Volume 1, Number 1, December 2010, pages 20-23

Bortezomib-induced Severe Congestive Heart Failure

Multiple Myeloma, a neoplastic proliferation of an aberrant colony of plasma cells, has historically been difficult to treat with a previous complete remission rate of less than five percent [1]. Subsequent research has identified the ubiquitin-proteasome pathway (UPP), represented by ubiquitin-conjugating system and the proteasome, as a possible target for chemotherapeutic agents secondary to the role it plays in the degradation of cellular proteins and basic processes of eukaryotic cells [2]. Inhibition of the proteasome, key constituent of UPP, consequently blocks cellular growth and division by multiple pathways, ultimately leading to a pro-apoptotic state [2].

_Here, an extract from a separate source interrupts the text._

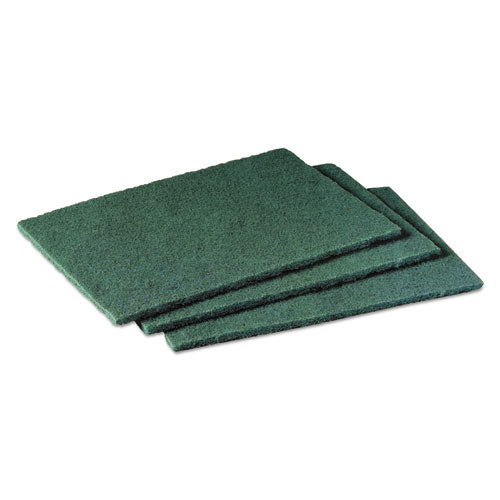 Commercial Scouring Pad 96, 6 X 9, Green, 10/pack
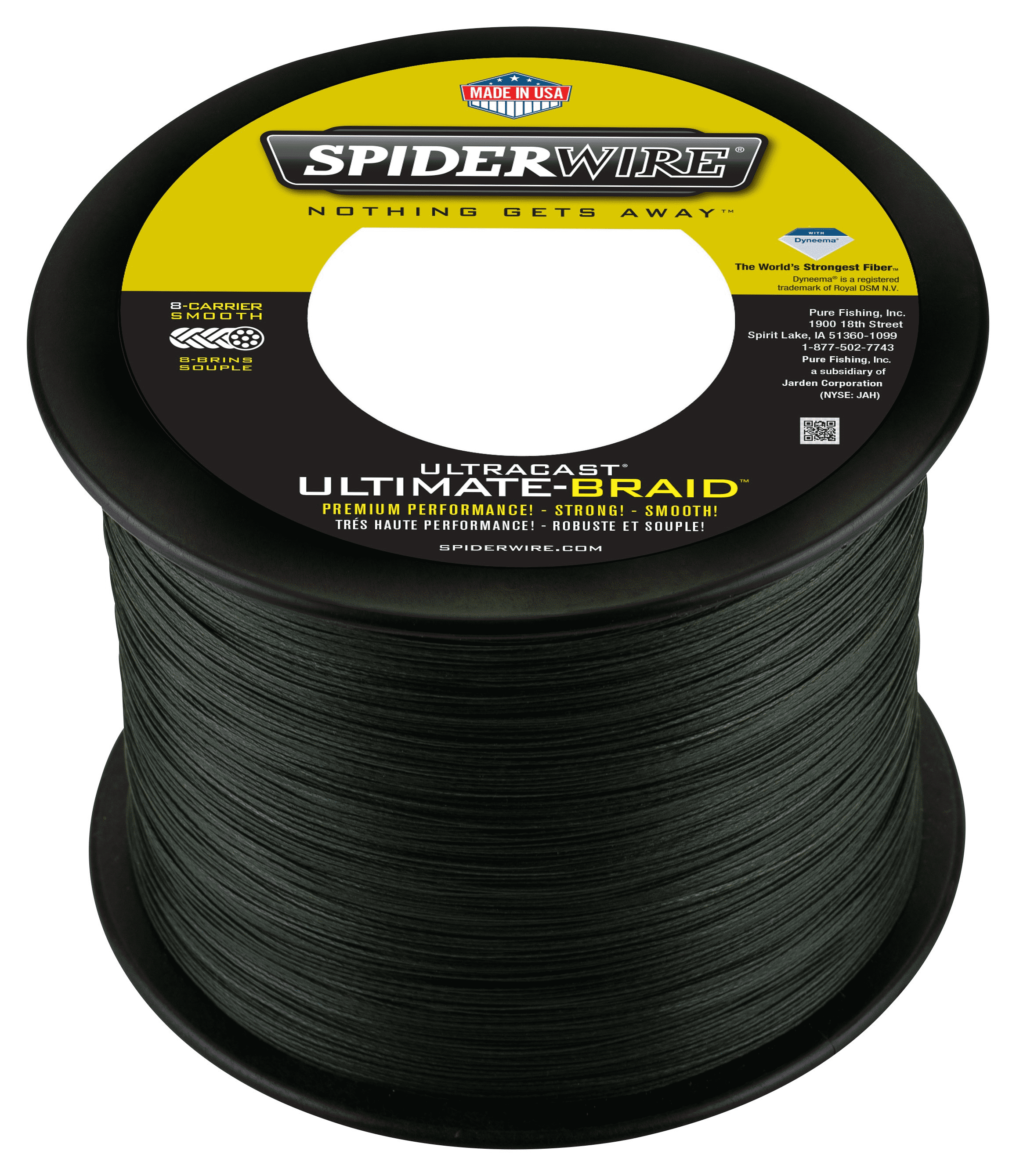 SpiderWire Superline Ultracast Braid, Moss Green, 65lb Fishing Line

Bortezomib, a dipeptidyl boronic acid, is a potent, specific and reversible inhibitor of the chymotrypsin-like activity of the 26S proteasome [3], approved for treatment of Multiple Myeloma [4-6]. The drug is also under investigation for the treatment of other hematologic cancers, such as specific types of lymphoma, and a variety of solid tumors, including prostate, lung, breast and ovarian cancer [7, 8]. Bortezomib functions by blocking the proteolytic degradation of IĸB, the inhibitor of nucleus factor ĸB (NF-ĸB) [6]. NF-ĸB acts as a transcription factor, turning on genes that cause production of proteins implicated in cell growth, surface molecules which allow myeloma cells to stick to cells in bone marrow and stimulate bone marrow to produce vascular endothelial growth factor, promoting angiogenesis. By inhibiting the breakdown of IĸB and subsequent inhibition of NF-ĸB, bortezomib leads to inhibition of cell growth and promotion of apoptosis in cancer cells [9].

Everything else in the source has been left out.